Hold on, are laptop thieves skilled in cracking encrypted password managers? Even if they are I think you'd have time to rotate passwords.
my life is basically over

You make it sound like there's no mitigation at all for a password being compromised which isn't the case in practice.

The problem is 200 passwords being compromised, including my emails which are used to reset everything else. I can't fix it faster than the thief can wreck my digital life, and everything is digital now. I couldn't even start until I somehow convince my email provider who I am and to change the password for me.

If this ever happens, best plan would probably be to change your email password immediately, banks next, and freeze your credit as soon as possible.

A better, simpler-sounding plan is to enable better 2FA on your critical accounts.

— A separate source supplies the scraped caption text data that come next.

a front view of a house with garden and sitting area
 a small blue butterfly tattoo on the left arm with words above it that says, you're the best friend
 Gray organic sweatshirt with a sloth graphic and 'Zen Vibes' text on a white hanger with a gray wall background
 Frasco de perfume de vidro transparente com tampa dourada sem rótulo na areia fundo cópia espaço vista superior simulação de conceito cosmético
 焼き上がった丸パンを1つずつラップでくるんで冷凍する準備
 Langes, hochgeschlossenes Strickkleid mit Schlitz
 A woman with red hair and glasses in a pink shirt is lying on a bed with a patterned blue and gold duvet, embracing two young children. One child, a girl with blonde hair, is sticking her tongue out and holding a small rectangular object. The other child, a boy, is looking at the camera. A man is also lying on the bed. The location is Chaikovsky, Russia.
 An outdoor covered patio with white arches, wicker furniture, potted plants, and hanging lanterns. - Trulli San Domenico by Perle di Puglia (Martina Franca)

Doesn't this mostly fix your catastrophic scenario?
Oftentimes 2fa backup codes are slso stored in the password manager.
Or the password recovery for lost 2fa is secret questions (this is so awful,but see it often). And chances are those secret questions/answers might also be in the vault
Does anyone have a good solution to these issues for non techncial users? 1password etc + 2fa is great for even not super technical people.

But if it's ever breached I have no idea how you would get clear.

Sure but that's roughly equivalent to disabling or not having 2fa. You can still avoid the catastrophic scenario by not-doing that.